社会保険料の滞納が発生している場合、年金事務所に資産を差押えられる可能性があります。
原則として会社名義の財産の差押えしか、年金事務所はできません。
しかし社会保険料の滞納が発生し、年金事務所と分割で支払う約束などをした場合、「納付の誓約書」という
滞納分の社会保険料の滞納期間と金額
いついくら支払うのかという納付計画
会社名、住所などの会社情報
の内容を書いて、年金事務所に提出する書類があります。
納付の誓約書
分かりやすく書くと、「もし会社が倒産して一切の借金や債務を0にしたとしても、社長が個人として滞納した社会保険料を支払います」ということなのです。
いわゆる連帯保証人と同じ仕組みです。
この「納付の誓約書」を提出すると、滞納している社会保険料について社長個人が個人保証をつけたとみなされます。
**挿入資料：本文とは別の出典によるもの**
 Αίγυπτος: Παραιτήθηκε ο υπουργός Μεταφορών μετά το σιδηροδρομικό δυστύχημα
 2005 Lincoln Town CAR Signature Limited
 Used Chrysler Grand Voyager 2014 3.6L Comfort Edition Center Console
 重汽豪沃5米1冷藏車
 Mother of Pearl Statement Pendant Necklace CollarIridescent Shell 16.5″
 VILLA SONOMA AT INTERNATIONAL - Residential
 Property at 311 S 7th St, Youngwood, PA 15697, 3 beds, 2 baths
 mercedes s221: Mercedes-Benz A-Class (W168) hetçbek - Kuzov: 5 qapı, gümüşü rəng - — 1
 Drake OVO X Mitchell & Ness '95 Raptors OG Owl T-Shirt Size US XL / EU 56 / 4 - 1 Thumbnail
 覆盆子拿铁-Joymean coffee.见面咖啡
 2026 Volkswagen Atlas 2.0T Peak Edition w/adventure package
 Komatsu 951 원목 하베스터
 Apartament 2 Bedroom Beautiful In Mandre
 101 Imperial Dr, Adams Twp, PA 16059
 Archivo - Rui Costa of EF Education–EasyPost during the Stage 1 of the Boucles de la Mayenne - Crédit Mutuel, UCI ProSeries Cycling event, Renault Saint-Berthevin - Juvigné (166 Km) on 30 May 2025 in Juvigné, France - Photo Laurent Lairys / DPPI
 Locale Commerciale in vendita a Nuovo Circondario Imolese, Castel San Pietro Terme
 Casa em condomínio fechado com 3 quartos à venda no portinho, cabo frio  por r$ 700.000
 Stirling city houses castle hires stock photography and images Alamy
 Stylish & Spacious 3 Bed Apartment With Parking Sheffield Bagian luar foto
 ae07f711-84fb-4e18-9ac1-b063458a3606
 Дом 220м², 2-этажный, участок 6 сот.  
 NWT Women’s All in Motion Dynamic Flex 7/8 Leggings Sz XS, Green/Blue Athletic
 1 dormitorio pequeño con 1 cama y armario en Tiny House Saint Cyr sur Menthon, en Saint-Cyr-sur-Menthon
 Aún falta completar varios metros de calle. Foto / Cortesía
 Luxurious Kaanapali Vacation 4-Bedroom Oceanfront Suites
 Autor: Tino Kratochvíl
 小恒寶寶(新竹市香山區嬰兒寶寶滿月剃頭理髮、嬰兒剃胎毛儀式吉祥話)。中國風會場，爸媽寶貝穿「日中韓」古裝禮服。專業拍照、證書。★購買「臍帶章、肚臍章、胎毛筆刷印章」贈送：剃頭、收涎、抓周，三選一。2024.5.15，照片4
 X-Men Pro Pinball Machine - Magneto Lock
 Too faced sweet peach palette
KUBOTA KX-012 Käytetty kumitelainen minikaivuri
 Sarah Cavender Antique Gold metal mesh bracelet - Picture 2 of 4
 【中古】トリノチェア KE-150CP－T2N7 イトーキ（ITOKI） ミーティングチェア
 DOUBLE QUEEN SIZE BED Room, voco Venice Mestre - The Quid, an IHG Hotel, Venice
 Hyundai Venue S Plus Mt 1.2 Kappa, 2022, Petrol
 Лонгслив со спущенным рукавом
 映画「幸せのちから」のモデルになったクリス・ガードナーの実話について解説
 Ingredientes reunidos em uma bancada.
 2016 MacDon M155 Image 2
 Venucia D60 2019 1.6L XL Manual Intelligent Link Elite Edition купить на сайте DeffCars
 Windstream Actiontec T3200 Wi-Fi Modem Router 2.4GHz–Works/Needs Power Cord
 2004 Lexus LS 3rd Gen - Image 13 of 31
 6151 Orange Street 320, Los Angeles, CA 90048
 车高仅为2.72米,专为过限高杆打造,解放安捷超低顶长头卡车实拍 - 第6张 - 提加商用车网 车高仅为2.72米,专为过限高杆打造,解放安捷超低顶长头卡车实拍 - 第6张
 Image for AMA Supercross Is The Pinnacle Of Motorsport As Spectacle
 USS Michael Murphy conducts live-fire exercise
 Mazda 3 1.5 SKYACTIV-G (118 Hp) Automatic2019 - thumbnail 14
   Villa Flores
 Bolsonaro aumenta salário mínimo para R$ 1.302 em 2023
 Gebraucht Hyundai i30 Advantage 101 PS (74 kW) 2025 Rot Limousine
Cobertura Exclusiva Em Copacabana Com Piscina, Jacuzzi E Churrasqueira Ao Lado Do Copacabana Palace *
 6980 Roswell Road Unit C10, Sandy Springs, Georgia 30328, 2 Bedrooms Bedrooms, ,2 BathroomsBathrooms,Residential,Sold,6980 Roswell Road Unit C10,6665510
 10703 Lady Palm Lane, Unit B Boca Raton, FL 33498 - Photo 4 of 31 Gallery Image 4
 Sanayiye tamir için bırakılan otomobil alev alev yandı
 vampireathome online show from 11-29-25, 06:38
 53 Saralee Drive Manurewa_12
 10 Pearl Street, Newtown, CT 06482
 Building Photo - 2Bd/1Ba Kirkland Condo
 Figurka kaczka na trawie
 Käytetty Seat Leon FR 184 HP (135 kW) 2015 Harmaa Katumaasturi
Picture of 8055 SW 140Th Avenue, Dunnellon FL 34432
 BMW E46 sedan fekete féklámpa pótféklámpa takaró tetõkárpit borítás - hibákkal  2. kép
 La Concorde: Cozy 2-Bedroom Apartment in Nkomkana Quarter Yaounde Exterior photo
この書類を提出することによって、滞納している社会保険料分として、社長個人の財産の差押えが可能になります。
納付の誓約書は、社会保険料の支払いが難しい会社が、ほぼ必ず年金事務所に提出する書類です。
滞納している社会保険料を分割で支払うので、年金事務所は会社の財産を差押えたりしませんよ、という約束を交わす書類なのです。
1〜2回ほど社会保険料を会社が払えず、すぐに倒産、自己破産をして滞納保険料の支払いから逃げようとする会社は、ほとんどないでしょう。
なんとか解決し、事業を継続しようとする社長がほとんどです。
払えない社会保険料が発生している状況でも、事業を継続しようとする場合は「納付の誓約書」をほぼ必ず年金事務所に提出します。
滞納している社会保険料に社長個人の保証をつけるのですから、この支払いから社長は逃げられません。
滞納した社会保険料を回収するために、年金事務所はあらゆる手を打ってきます。
そう簡単には社会保険料の支払いから逃げられない様、年金事務所はしっかりと仕組みを作っているのです。
多くの税理士事務所、弁護士事務所で
「会社を倒産させれば、滞納している社会保険料を社長個人が支払う義務は残りません」と言われます。
実際私も個人財産に差押をしたのは見たことありません。
しかし倒産しても、社長が滞納している社会保険料に個人保証をつけていることが多いため、社長個人に支払義務が残ることが多くありますので、注意が必要です。